Mym stopped her at the one after the manstone. "This is the one fer elves. Look, there are yer honeycombs again. And look at the way it was split there. I'd say if ye hold this one against the other two they'd make a roughcut sphere. Hollow lek, with the combin on the inside facets."

"What's inside?"

Mym looked up from the book a moment and closed her eyes to imagine The First in her mind's eye, as if she held it in her hand. She thought she understood. "It's a lattice."

"Inside?"

"Aye inside."

"What for?"

She reached and shifted to the next plate. "The dwarfstone," she said.

They looked at it together, the dwarfstone. It was simply shaped yet the intricacies of its interior were uniformly complex. Cells within cells neatly arranged and perfectly angled like a diamond examined under Thayne's cylinder of lenses. The pattern of the combing drew her in as if she was peering in the infinity between two mirrors. Her mind worked and she began to see shapes that weren't there, shapes that used to be and shapes that were to be.

"What in the heavens am I looking at?" said Daraway.

Mym squinted. Her mouth pursed. She looked up at the woman. "I can't say fer certain but I think we're lookin at a superluminary."

"A what?"

"A tesseract."

Daraway looked back at the plate. Mym looked also. She had never seen work so precise in the inlay and she imagined the dwarfstone itself must have been impossibly fine and well beyond the ability of any animate dwarf.

"What do the runes say?"

Mym hadn't noticed the script accompanying the depictions. Now she read it. "To unmake made, to unbreak broken, to abandon bandon."

They stood there staring. The snow swirled around them. Daraway slid out the next plate.

There the etchings were of a dwarflike figure splitting The First into three shards and gifting each to one of the great races of the world. The next plate showed the figure melting down the latticed center and through some ingenuity of captured convection blowing it like glass into a thinspread globe.

"We've been there," said Daraway.

"Aye that's the forge of creation."

"I think we need to go back."

Mym looked at her.

"To unbreak broken. I think the shards rejoined may have the power to imbue life to your children. Like how the orcstone paired with the sacred tone mended your da, but we'll need the others. The elfstone and the manstone."

"Well the last I saw of the manstone it was runnin off in the hands of yer baron."

"We need to find him."

"Ye sure about this? There's plenty more in this book. Maybe it'll have some answers fer ye."
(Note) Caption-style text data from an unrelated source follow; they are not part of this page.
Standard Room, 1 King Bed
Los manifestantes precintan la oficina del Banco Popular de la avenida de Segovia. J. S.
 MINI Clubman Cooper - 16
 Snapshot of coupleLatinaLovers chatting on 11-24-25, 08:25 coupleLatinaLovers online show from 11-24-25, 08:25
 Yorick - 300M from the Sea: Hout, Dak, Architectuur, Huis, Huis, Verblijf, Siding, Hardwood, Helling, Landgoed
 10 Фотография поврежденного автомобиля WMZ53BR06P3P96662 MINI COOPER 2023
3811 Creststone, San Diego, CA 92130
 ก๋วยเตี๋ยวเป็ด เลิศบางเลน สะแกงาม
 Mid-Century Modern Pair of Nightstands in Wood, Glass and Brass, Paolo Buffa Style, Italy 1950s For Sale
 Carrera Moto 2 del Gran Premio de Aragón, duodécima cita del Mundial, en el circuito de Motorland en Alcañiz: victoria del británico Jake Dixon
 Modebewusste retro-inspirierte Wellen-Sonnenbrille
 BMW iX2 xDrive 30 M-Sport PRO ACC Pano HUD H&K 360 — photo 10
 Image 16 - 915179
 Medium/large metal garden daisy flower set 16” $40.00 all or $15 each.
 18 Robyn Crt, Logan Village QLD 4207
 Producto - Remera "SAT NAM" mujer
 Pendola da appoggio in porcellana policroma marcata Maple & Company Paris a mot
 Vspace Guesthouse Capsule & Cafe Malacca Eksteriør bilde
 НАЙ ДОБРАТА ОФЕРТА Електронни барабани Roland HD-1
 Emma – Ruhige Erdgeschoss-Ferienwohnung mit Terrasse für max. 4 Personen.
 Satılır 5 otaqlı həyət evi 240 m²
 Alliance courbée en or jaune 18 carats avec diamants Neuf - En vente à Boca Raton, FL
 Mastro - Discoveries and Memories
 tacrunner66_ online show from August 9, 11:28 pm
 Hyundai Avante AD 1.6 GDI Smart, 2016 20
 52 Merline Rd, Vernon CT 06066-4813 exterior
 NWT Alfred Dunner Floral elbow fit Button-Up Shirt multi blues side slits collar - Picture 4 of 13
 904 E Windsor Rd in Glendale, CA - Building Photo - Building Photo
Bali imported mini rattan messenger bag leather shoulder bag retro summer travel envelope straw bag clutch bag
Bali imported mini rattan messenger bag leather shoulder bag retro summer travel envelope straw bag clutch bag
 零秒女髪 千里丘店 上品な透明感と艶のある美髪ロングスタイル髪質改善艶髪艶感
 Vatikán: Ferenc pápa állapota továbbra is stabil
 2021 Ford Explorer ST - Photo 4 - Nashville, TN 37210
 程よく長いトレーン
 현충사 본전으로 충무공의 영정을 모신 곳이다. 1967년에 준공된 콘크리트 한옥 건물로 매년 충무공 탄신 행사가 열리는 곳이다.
"I'm sure it does but I'm also sure the baron cannot be permitted to keep the manstone, to carry it out of the deadlands. And while we stand around looking at pictures and paradoxes he's doing just that."

As she listened to the woman Mym heard the sculpted stones' approval. As if the marble king knew of her proctored oath and commanded its fulfillment. She must hunt down the baron.

A retching rose out of the wind behind her and she turned and saw Uhquah bent double and puking and the air catching it and splattering it along. Khaz made a sour face and Uhquah stood upright and wiped his mouth and spat. He leered at Mym and then at the woman and his dark eyes shifted to the book in her hands. "You lot keepin secrets from your betters?"

She and Daraway looked at him standing there shamelessly, his empty carbine clutched in his hand, slop still stuck in his beard.

"Whatever you got there he'll have it in the end. He always does."

Khaz chortled beside him. "If the baron comes after them he'll wind up with a slug through his eye and a flamebroiled arse."

"I ain't meanin the baron."

Mym shook her head. She looked away north where the wide column of smoke seemed to hold up the choked black sky. "Ye sure about this?" she said.

"Yes," said Daraway.

She turned to the others. "We're gettin," she said.

"Where te?" said Khaz.

Uhquah grinned. "Back te her piggy."

She shook her head and headed north.